Sou pelo tráfico cultural proporcionado pela amizade. Não há melhor forma de se chegar a um disco, a um livro ou a um filme do que a opinião de um amigo. As estrelinhas dos amigos até podem ser enganosas mas são inteiramente confiáveis – porque nos conhecem, porque topam as nossas manias e aversões, as nossas apetências e apegos. Quando um amigo diz “tens de ir ver isto porque isto é a tua cara!” torna-se no instante mais importante do que os mais significativos críticos e do que o melhor suplemento cultural da Nação. Traz, para usar o termo, um suplemento de afectividade que merece a maior das considerações. Mesmo que esteja a atirar completamente ao lado.

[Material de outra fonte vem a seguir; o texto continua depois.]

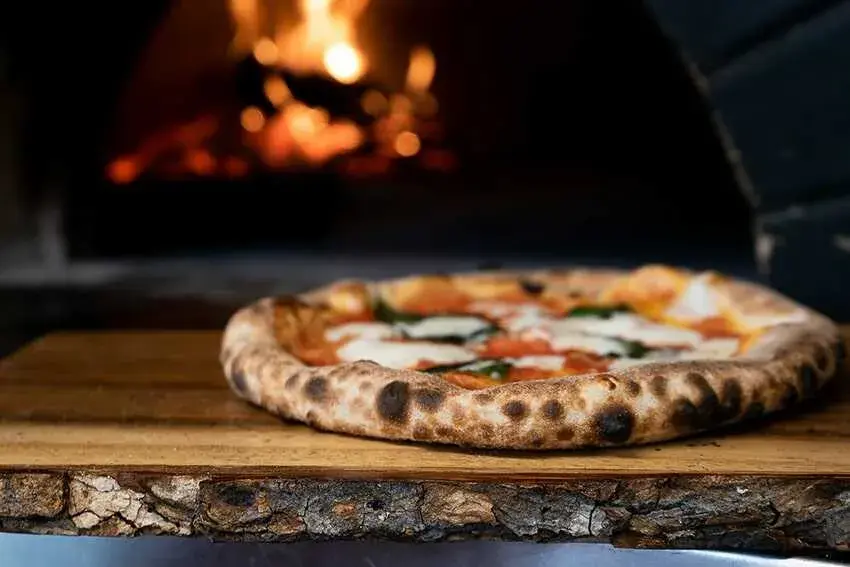 Jak wybrać mąkę do pizzy, by uzyskać idealnie chrupiące ciasto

Não quero menorizar a comunicação social escrita – até escrevo, muito confortavelmente, crónicas sobre livros e restaurantes para jornais e revistas. Quero é tirar aos recenseadores o peso da responsabilidade de, em exclusivo, nos mostrarem “a cultura”. Alguma da aversão que existe em relação a alguns críticos e suplementos tem a ver com a excessiva responsabilidade que lhes é atribuída. Se as pessoas chegassem aos “objectos culturais” por si, sem mediações de maior, ninguém iria culpar ninguém por ter ido ver um filme multi-estrelado por uma publicação de referência que “afinal é uma grandessíssima merda”.
Ninguém vai levar a mal um amigo que nos levou a ler um livro que é uma seca. Mais dificilmente isso acontece com “o crítico”. Que é alguém a quem atribuímos uma autoridade que, coitado, nem sempre tem – está muitas vezes tão preso a deslumbres e a aversões e animosidades, até pessoais, como nós. Sim, nisto da cultura é importante ser-se mais pela iniciativa e responsabilidade pessoais. Hoje em dia é muito fácil fazer-se a escuta de um disco – na net e nas lojas. Chegar a uma livraria e espreitar um parágrafo. E é muito fácil entrar num cinema e num teatro (há tantos), sem que levar na mala uma data de conselhos que podem ser ruído para escolhas que se desejam o mais livres possível.
Demasiado público tem com os jornais, as televisões, as rádios e agora a rede a mesma relação que muitos cidadãos têm com o Estado: culpam-nos de tudo o que de mal - e ocasionalmente de bom - tem acontecido culturalmente nas suas vidas. Tá mal, tá. Se petiscassem mais cultura por sua conta e risco talvez a coisa fosse diferente.